The problem:
Your answer should hold exactly the lines beginning with the one that contains "Satılır 2 otaqlı köhnə tikili 54 m²" and ending with the last line of the material, both included. Leave every picture out.

════

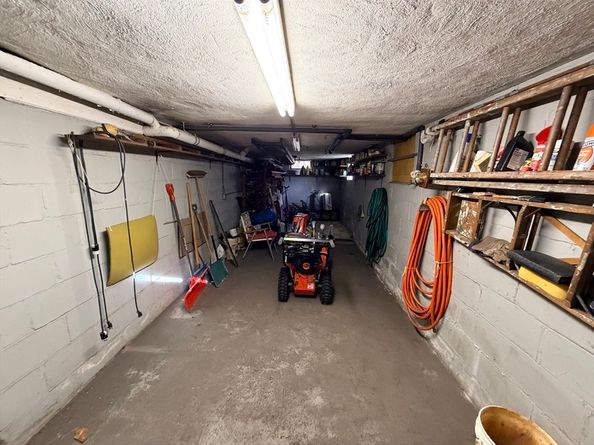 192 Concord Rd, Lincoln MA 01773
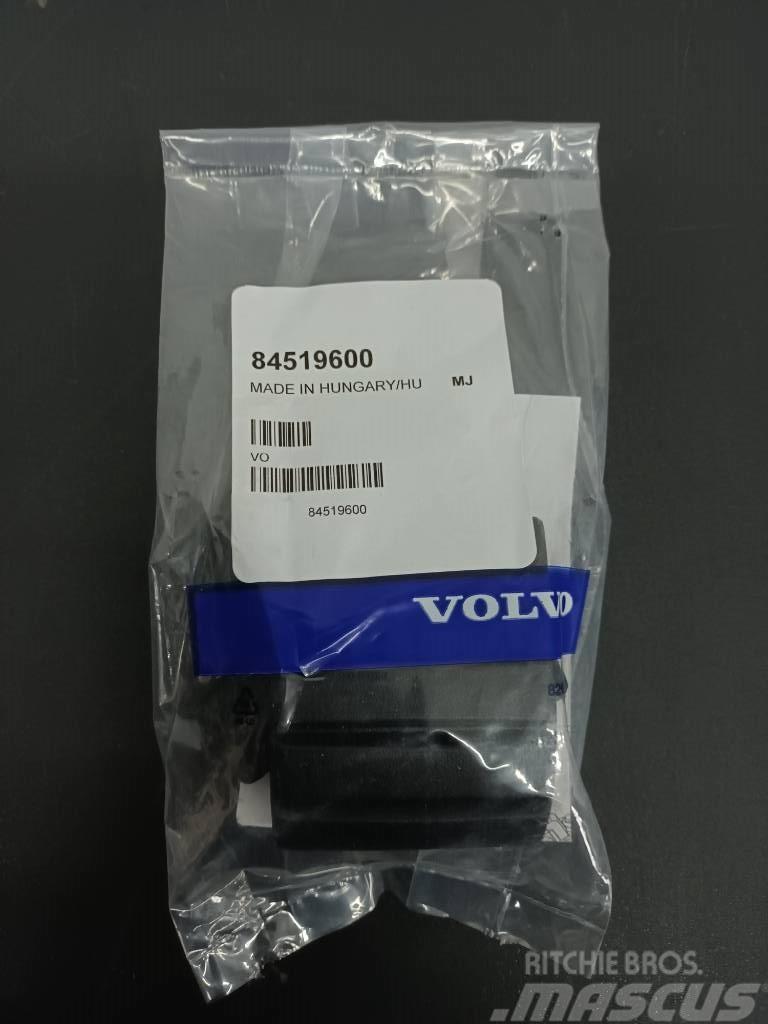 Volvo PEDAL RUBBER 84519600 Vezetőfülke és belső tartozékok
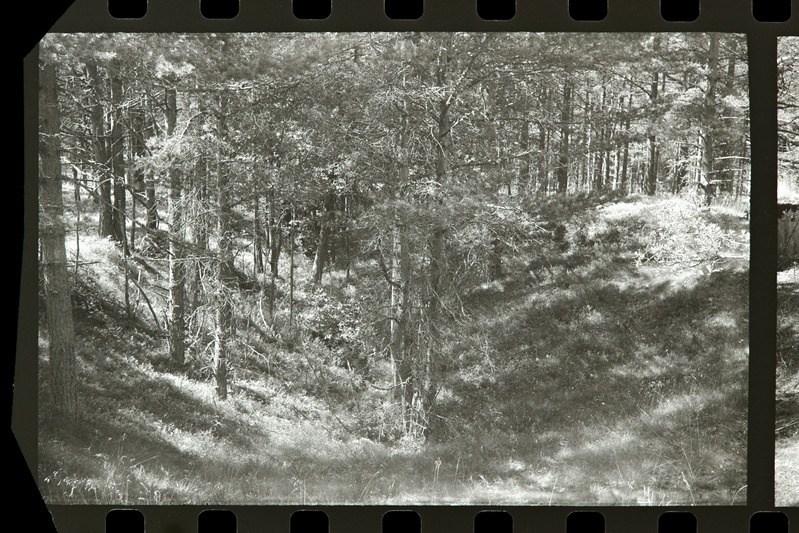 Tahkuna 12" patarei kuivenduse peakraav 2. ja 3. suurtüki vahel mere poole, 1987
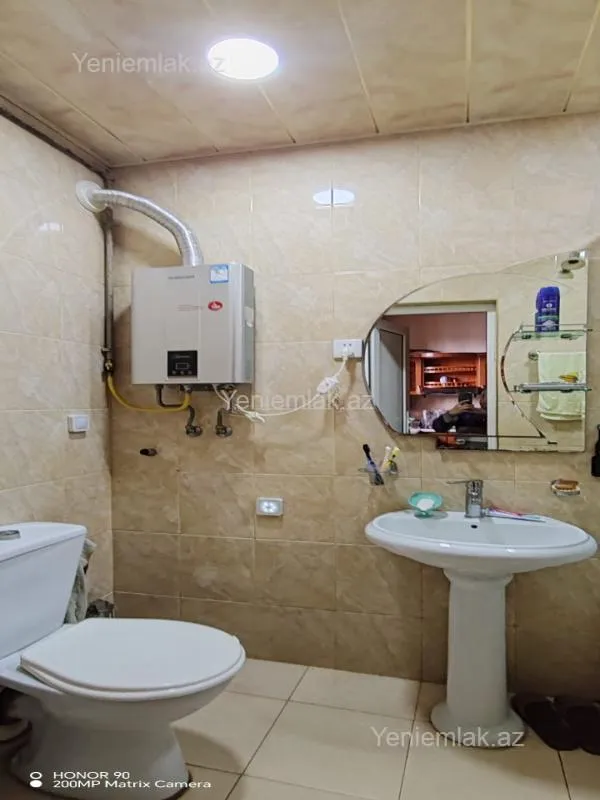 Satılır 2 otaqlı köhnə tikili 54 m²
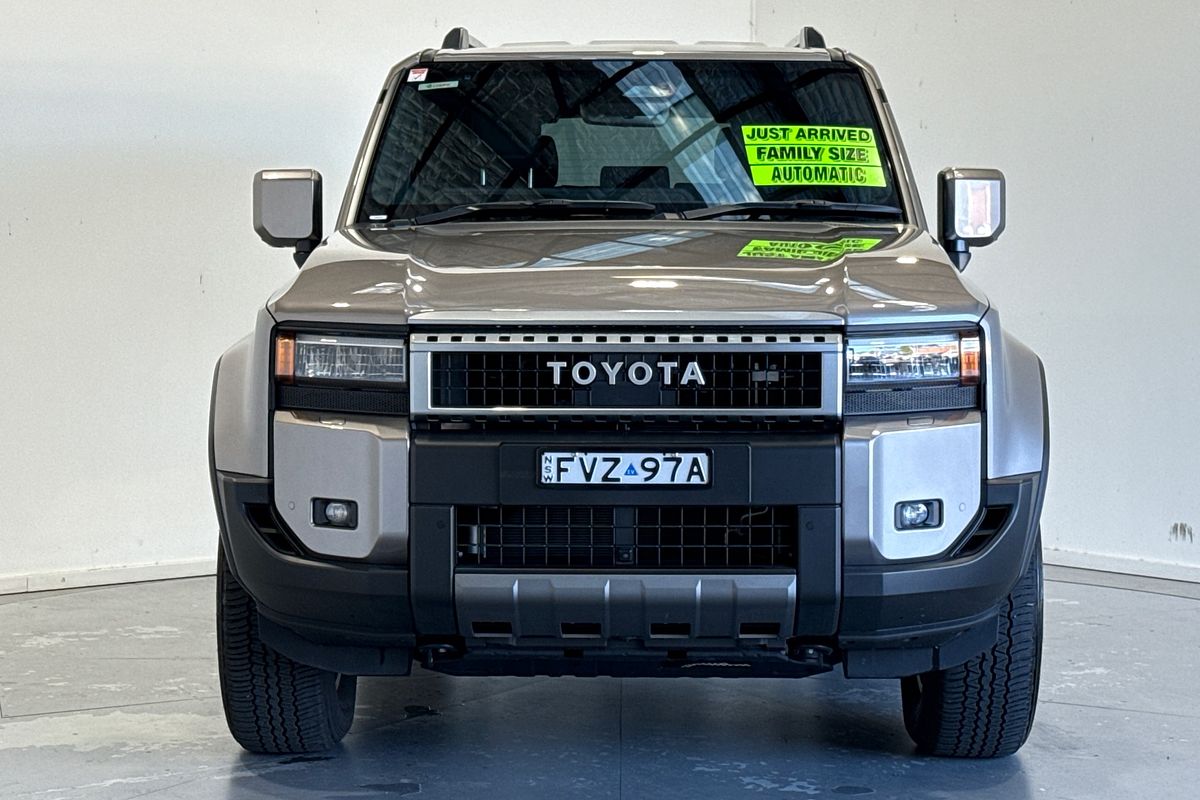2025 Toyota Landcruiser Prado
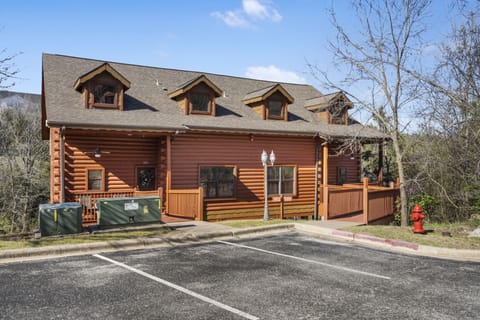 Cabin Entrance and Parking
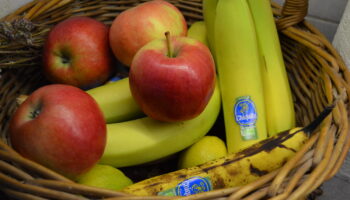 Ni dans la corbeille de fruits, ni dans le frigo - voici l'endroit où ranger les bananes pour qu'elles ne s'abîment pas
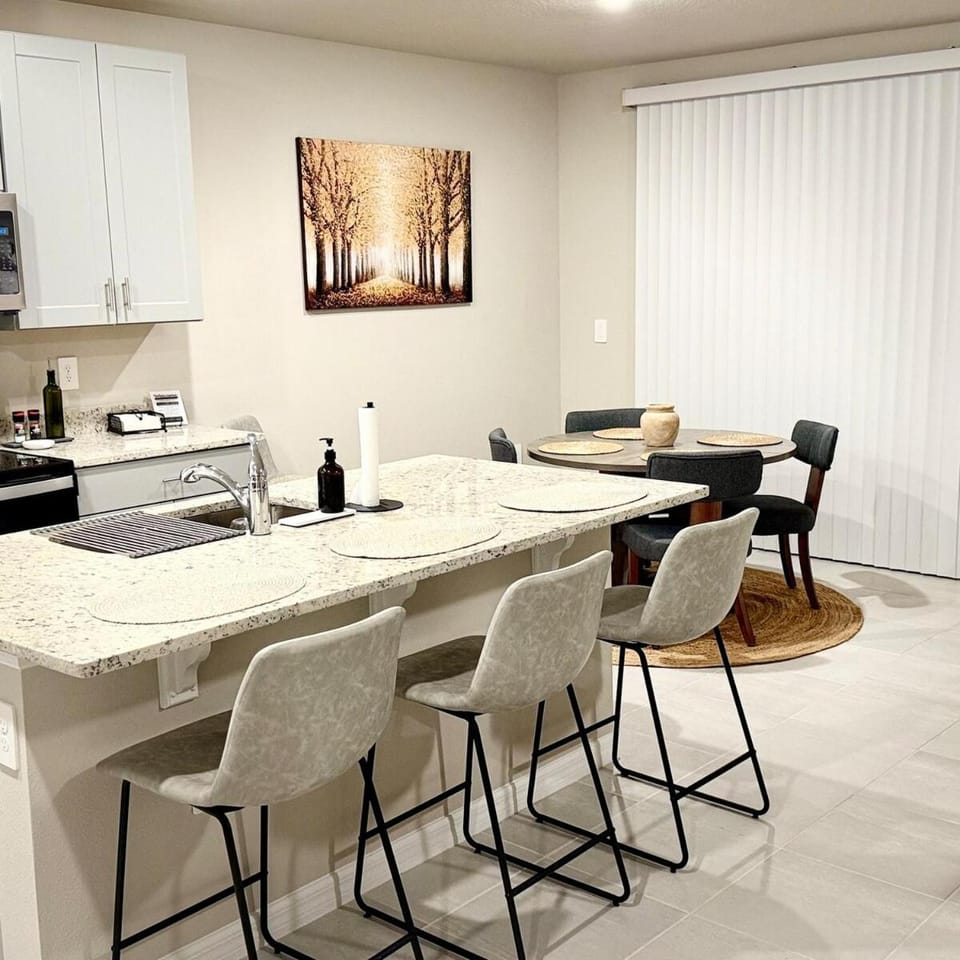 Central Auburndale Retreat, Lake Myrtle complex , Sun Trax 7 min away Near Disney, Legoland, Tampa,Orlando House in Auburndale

════

Written solution:
 Satılır 2 otaqlı köhnə tikili 54 m²
2025 Toyota Landcruiser Prado
 Cabin Entrance and Parking
 Ni dans la corbeille de fruits, ni dans le frigo - voici l'endroit où ranger les bananes pour qu'elles ne s'abîment pas
 Central Auburndale Retreat, Lake Myrtle complex , Sun Trax 7 min away Near Disney, Legoland, Tampa,Orlando House in Auburndale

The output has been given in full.